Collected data
=== Section Start ===

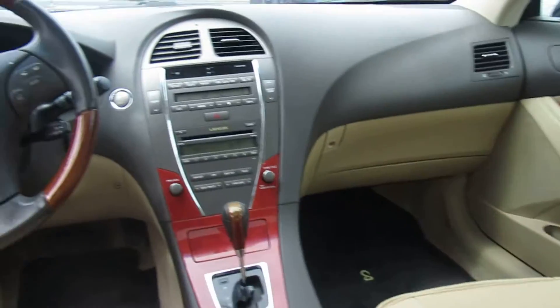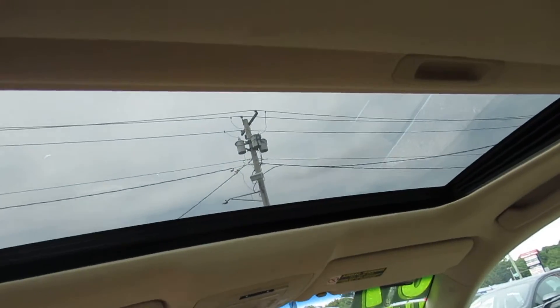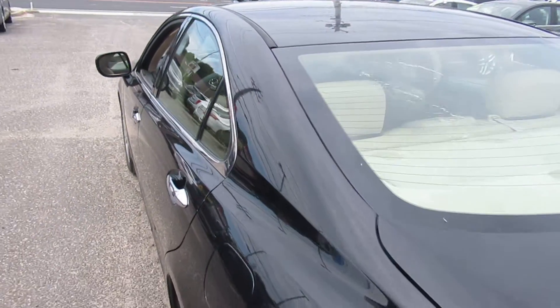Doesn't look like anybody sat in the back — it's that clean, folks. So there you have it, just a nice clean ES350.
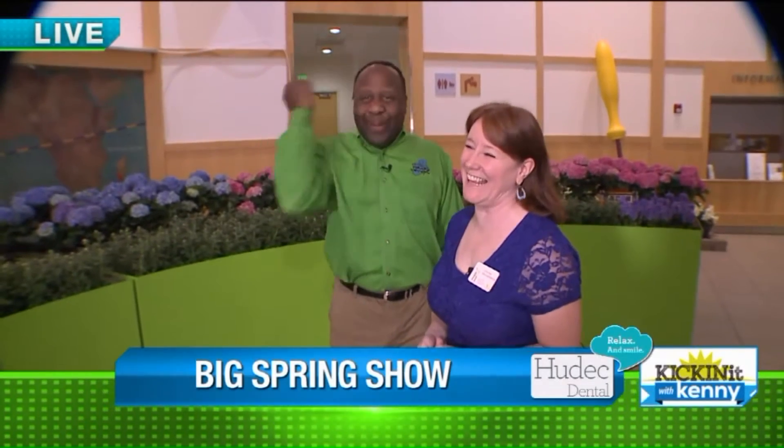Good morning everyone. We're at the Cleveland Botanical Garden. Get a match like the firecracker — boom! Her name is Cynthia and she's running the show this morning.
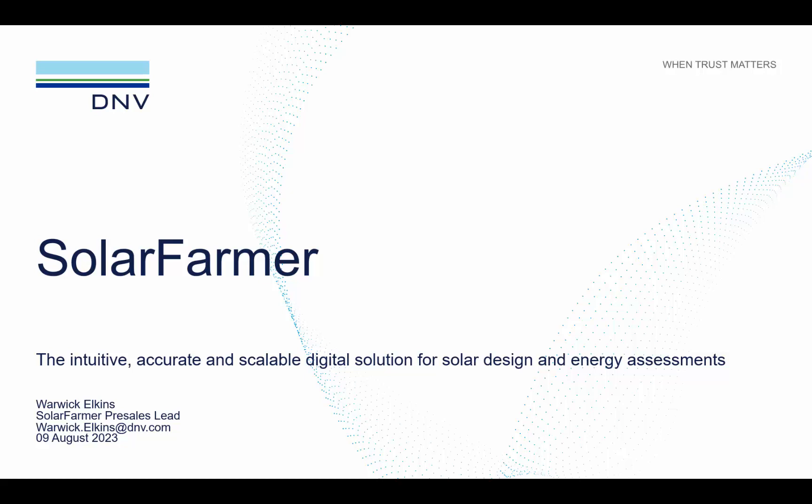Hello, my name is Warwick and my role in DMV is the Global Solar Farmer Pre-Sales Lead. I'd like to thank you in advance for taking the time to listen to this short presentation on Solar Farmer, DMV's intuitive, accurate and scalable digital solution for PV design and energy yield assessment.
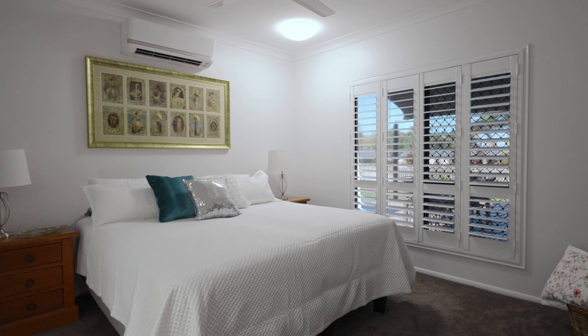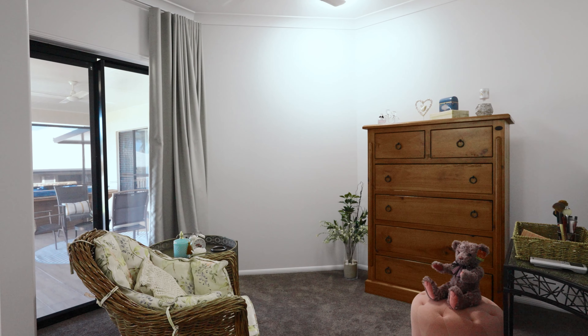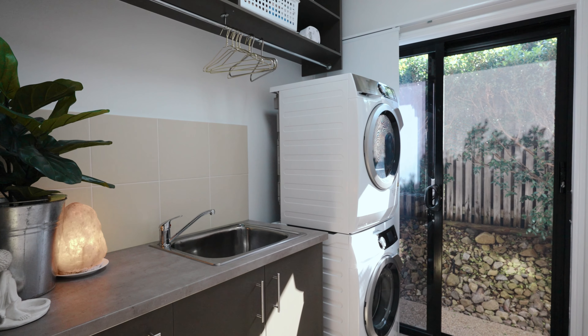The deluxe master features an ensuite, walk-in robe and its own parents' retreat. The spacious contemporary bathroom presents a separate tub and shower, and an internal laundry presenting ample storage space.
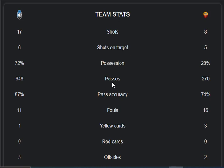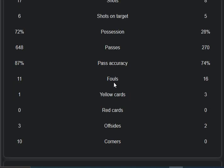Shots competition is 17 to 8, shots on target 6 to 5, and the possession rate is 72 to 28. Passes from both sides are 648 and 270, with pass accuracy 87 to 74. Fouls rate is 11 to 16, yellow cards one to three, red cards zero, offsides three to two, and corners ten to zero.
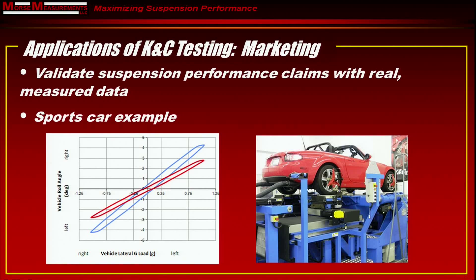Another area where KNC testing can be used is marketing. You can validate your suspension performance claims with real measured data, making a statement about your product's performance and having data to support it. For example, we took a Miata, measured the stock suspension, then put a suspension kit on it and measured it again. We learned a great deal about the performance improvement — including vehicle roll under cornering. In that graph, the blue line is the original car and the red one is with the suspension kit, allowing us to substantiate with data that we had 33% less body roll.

=== Section End ===

Make an exact copy of every record, pictures excluded.

→ Answer section:
Doesn't look like anybody sat in the back — it's that clean, folks. So there you have it, just a nice clean ES350.
Good morning everyone. We're at the Cleveland Botanical Garden. Get a match like the firecracker — boom! Her name is Cynthia and she's running the show this morning.
Hello, my name is Warwick and my role in DMV is the Global Solar Farmer Pre-Sales Lead. I'd like to thank you in advance for taking the time to listen to this short presentation on Solar Farmer, DMV's intuitive, accurate and scalable digital solution for PV design and energy yield assessment.
The deluxe master features an ensuite, walk-in robe and its own parents' retreat. The spacious contemporary bathroom presents a separate tub and shower, and an internal laundry presenting ample storage space.
Shots competition is 17 to 8, shots on target 6 to 5, and the possession rate is 72 to 28. Passes from both sides are 648 and 270, with pass accuracy 87 to 74. Fouls rate is 11 to 16, yellow cards one to three, red cards zero, offsides three to two, and corners ten to zero.
Another area where KNC testing can be used is marketing. You can validate your suspension performance claims with real measured data, making a statement about your product's performance and having data to support it. For example, we took a Miata, measured the stock suspension, then put a suspension kit on it and measured it again. We learned a great deal about the performance improvement — including vehicle roll under cornering. In that graph, the blue line is the original car and the red one is with the suspension kit, allowing us to substantiate with data that we had 33% less body roll.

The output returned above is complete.